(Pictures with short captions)
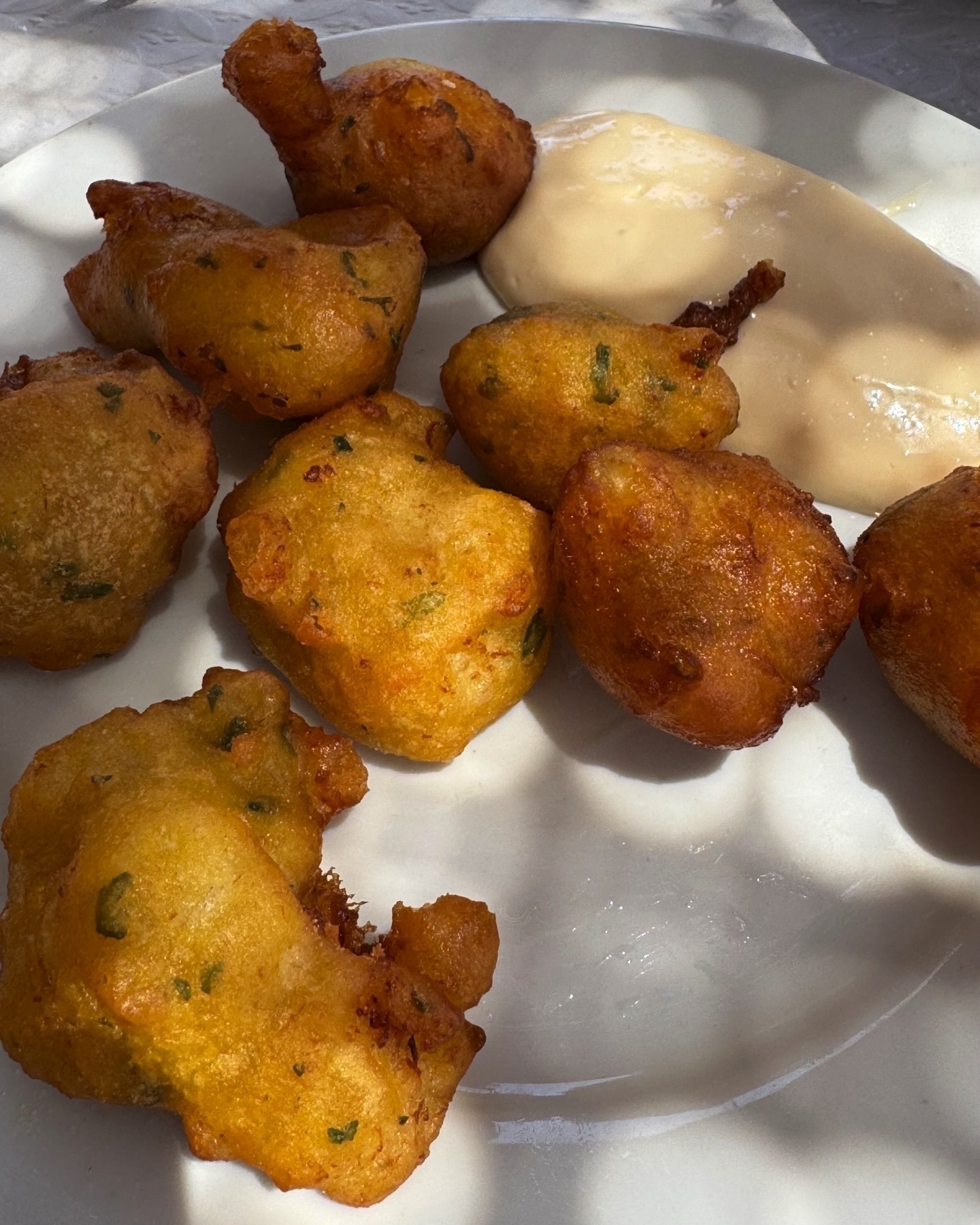 Plate of golden, crispy fried cod fritters speckled with green herbs, served with a generous dollop of smooth garlic aioli on the side.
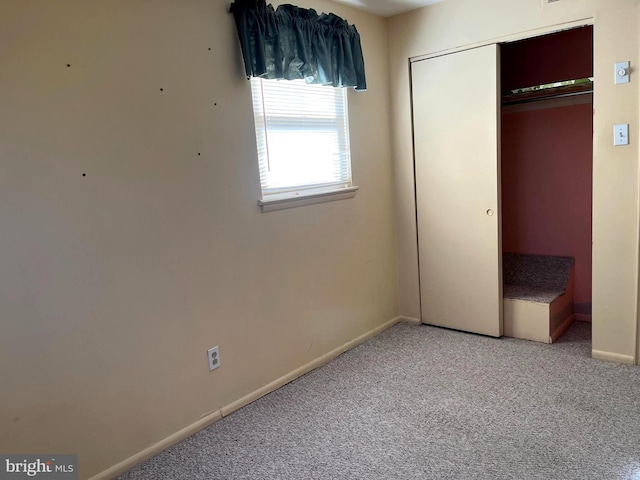 unfurnished bedroom featuring light carpet, baseboards, and a closet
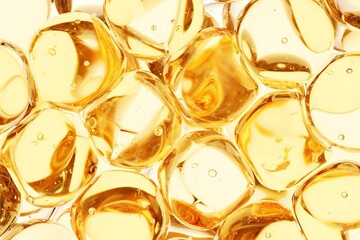 Close-up of golden translucent gel capsules filled with microbubbles, perfect for supplement marketing, medical visuals, and clean high-end product advertising backgrounds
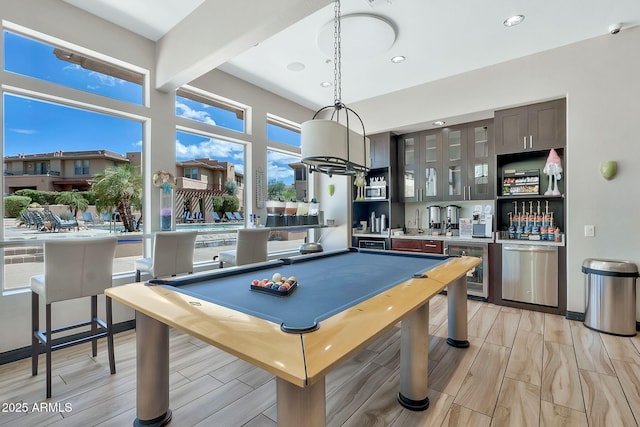 rec room with wine cooler, pool table, and wood tiled floor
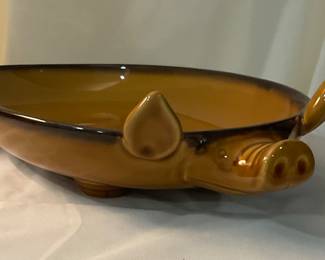 K235. 14” large brown-glazed pig shaped serving dish on feet $15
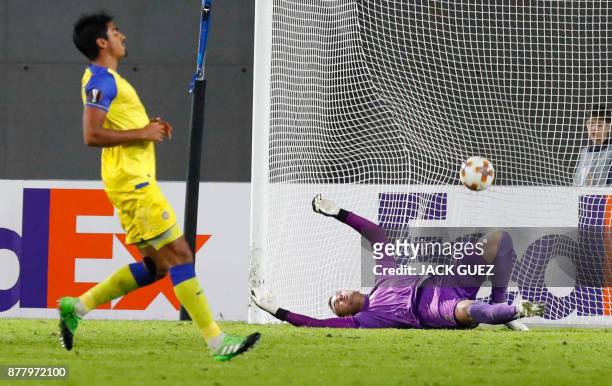 Maccabi's Serbian goalkeeper Predrag Rajkovic attempts to save a goal during the Europa League Group A football match between Maccabi Tel Aviv and...
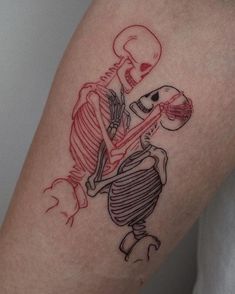 a person with a skeleton tattoo on their arm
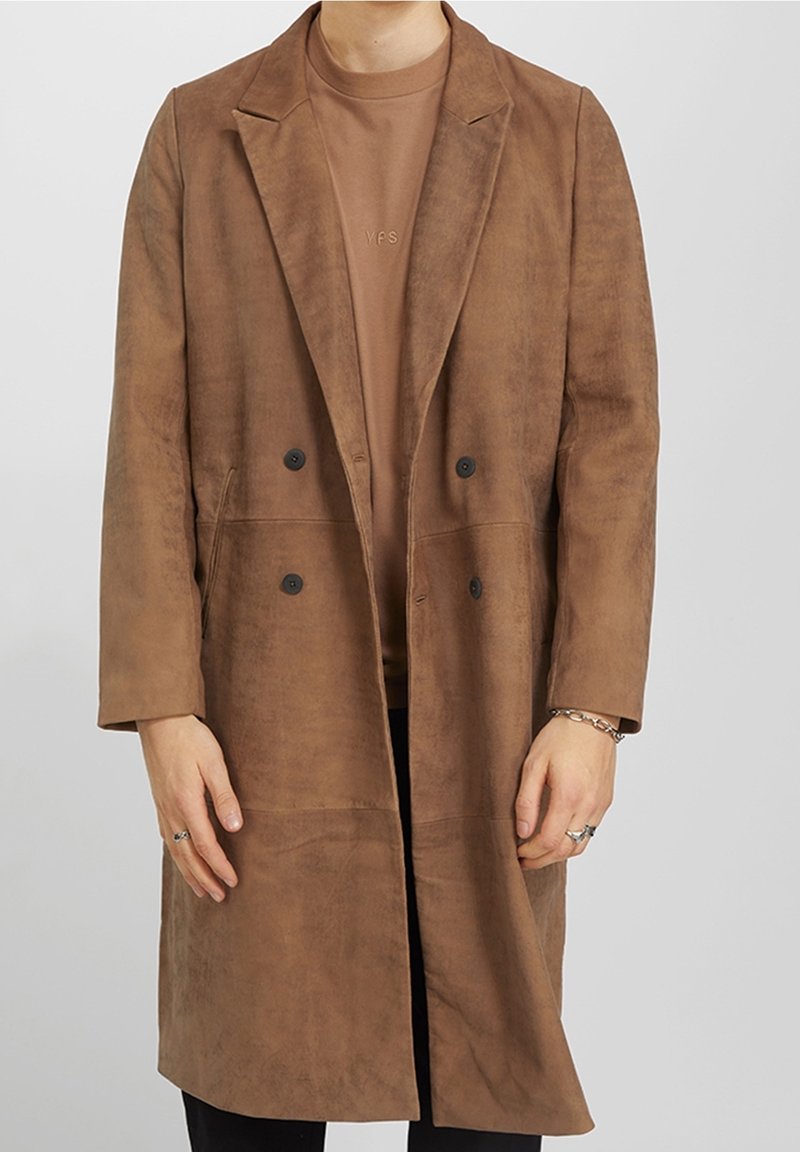 Osoba nosící hnědý semišový dlouhý kabát s černými knoflíky přes sladěnou hnědou košili, s prsteny a náramkem na rukou.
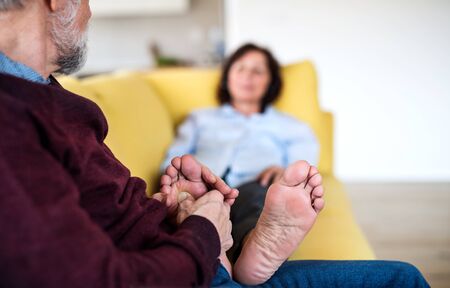 Affectionate senior couple in love sitting on sofa indoors at home, relaxing.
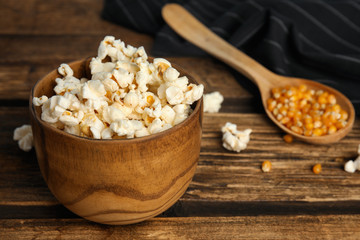 Tasty fresh pop corn on wooden table, closeup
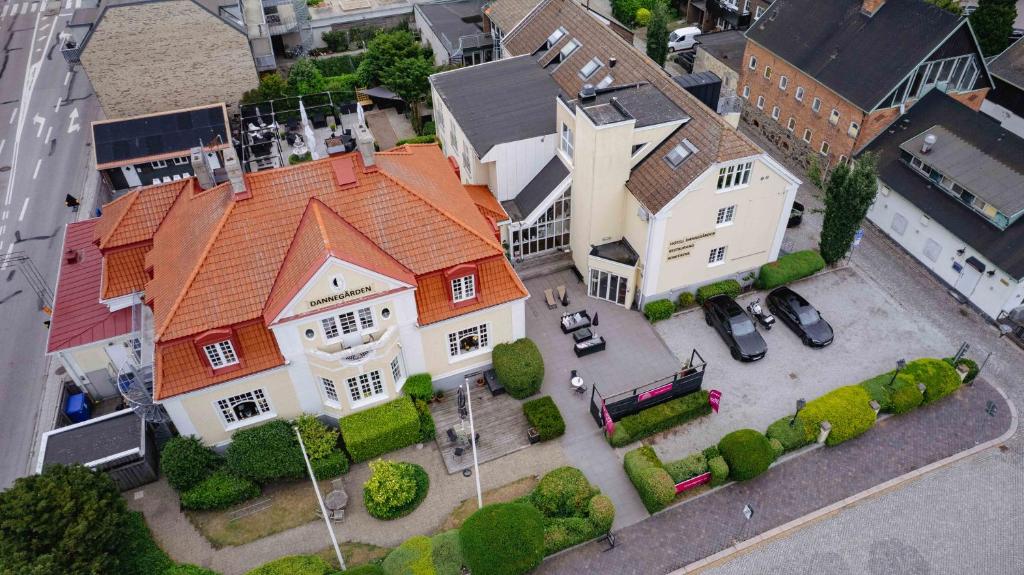 an aerial view of a large house with cars parked in front at Hotell Dannegården in Trelleborg
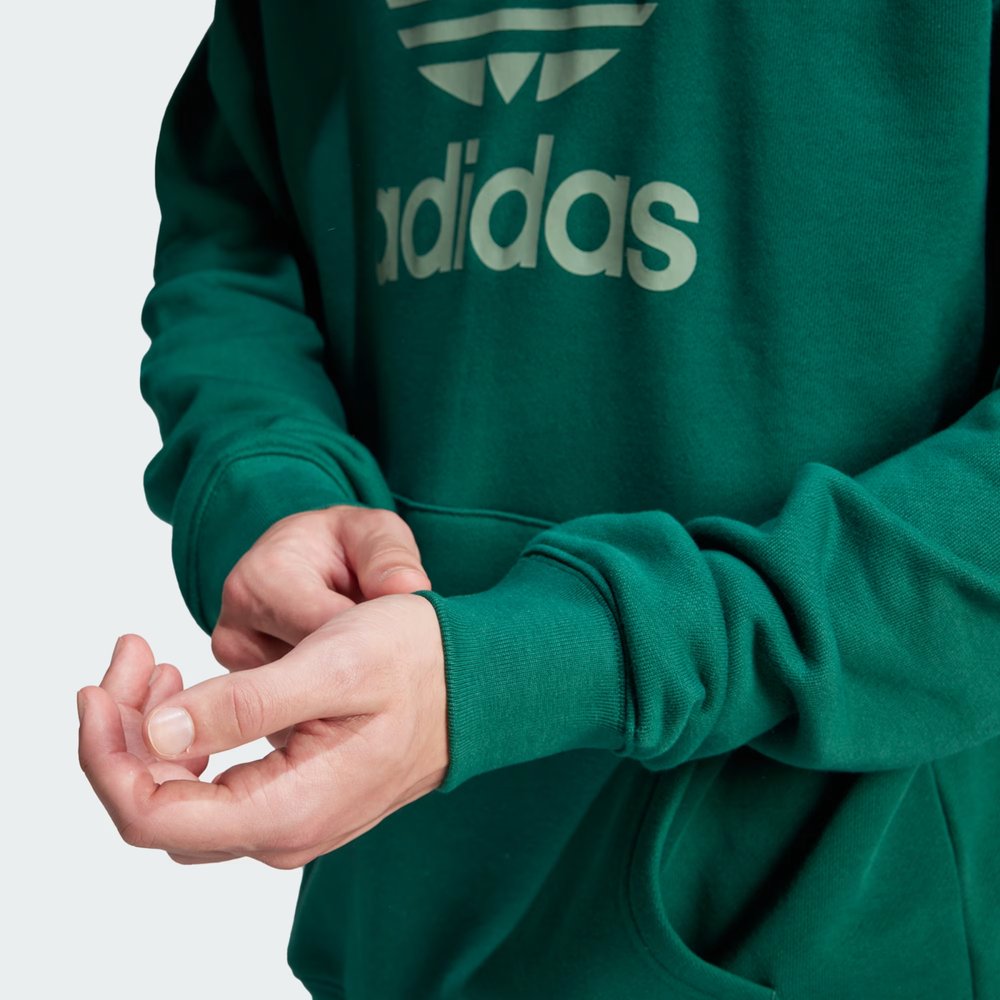 Close-up of the Trefoil logo on the chest, highlighting the crisp screen-print quality against the green fabric.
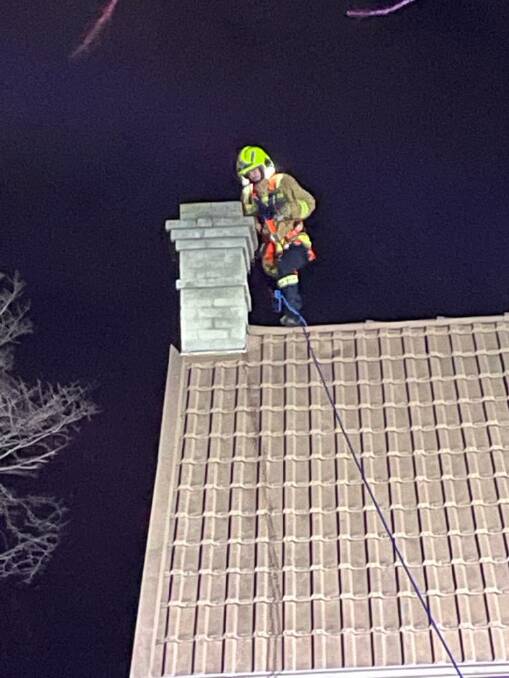 A firefighter prepares to dangle a rope in the chimney for the possum to free itself.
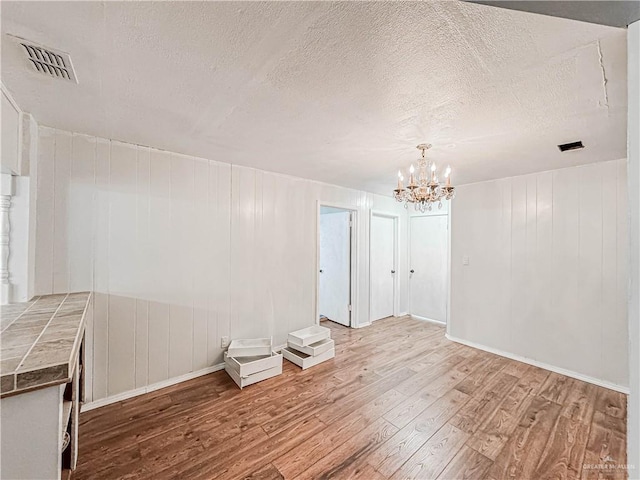 unfurnished room featuring hardwood / wood-style flooring, a notable chandelier, a textured ceiling, and wooden walls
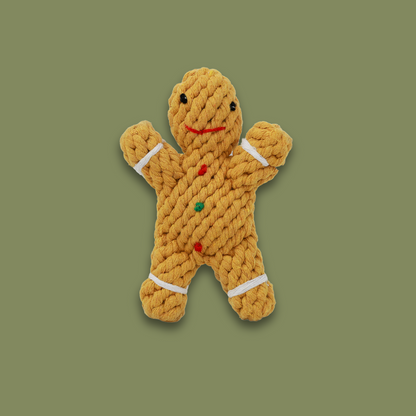 Handwoven gingerbread man pet toy made from durable cotton rope. Ideal for dogs and cats to chew, play, and enjoy. A festive and sturdy addition to your pet's toy collection.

Required work — Without the pictures, print all of the records exactly.

Response to the task —
 Plate of golden, crispy fried cod fritters speckled with green herbs, served with a generous dollop of smooth garlic aioli on the side.
 unfurnished bedroom featuring light carpet, baseboards, and a closet
 Close-up of golden translucent gel capsules filled with microbubbles, perfect for supplement marketing, medical visuals, and clean high-end product advertising backgrounds
 rec room with wine cooler, pool table, and wood tiled floor
 K235. 14” large brown-glazed pig shaped serving dish on feet $15
 Maccabi's Serbian goalkeeper Predrag Rajkovic attempts to save a goal during the Europa League Group A football match between Maccabi Tel Aviv and...
 a person with a skeleton tattoo on their arm
 Osoba nosící hnědý semišový dlouhý kabát s černými knoflíky přes sladěnou hnědou košili, s prsteny a náramkem na rukou.
 Affectionate senior couple in love sitting on sofa indoors at home, relaxing.
 Tasty fresh pop corn on wooden table, closeup
 an aerial view of a large house with cars parked in front at Hotell Dannegården in Trelleborg
 Close-up of the Trefoil logo on the chest, highlighting the crisp screen-print quality against the green fabric.
 A firefighter prepares to dangle a rope in the chimney for the possum to free itself.
 unfurnished room featuring hardwood / wood-style flooring, a notable chandelier, a textured ceiling, and wooden walls
 Handwoven gingerbread man pet toy made from durable cotton rope. Ideal for dogs and cats to chew, play, and enjoy. A festive and sturdy addition to your pet's toy collection.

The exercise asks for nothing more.